Many web sites require a user to agree to a long and incomprehensible “terms of service” before they can use the site.
Since these contracts are dozens (or hundreds) of pages, everyone just scrolls to the end and clicks “AGREE.” (See two examples in Figure 1).
While you’d think that a company could slip in some secret contract clauses somewhere (e.g. “you agree to give up your first-born child to MegaCo Inc.”), this isn’t usually feasible—someone will EVENTUALLY find these clauses and cause a public relations disaster.
Here is a secret method for putting totally unreasonable terms into a contract and preventing the user from being able to read them.

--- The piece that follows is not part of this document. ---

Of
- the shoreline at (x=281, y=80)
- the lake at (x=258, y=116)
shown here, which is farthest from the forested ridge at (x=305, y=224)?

The secret is: the contract is literally INFINITE in length, so no one can read it all!
Details: the terms of service operates as follows (see Figure 2):
- The first N pages are the real contract.
- After the real contract is over, additional pages are randomly generated with legally-valid but meaningless legalese.
- The contract has no scroll bar, so the user has no idea how long the contract is.
- To accept the contract, the user clicks the “scroll to end and accept” button.
- Thus, anyone who accepts the contract cannot have read the whole thing, since it is infinitely long.
Using this dirty trick, when a user has agreed to the contract after reading M pages, the company that wrote the terms of service can simply start putting the super-unreasonable contract terms on page M+1 and beyond.
The only downside to this plan is that it is almost certainly totally illegal in every jurisdiction.
PROS: Would probably be an interesting “future law school textbook case” if it were ever tested in court.
CONS: You will probably go to prison if you implement this idea.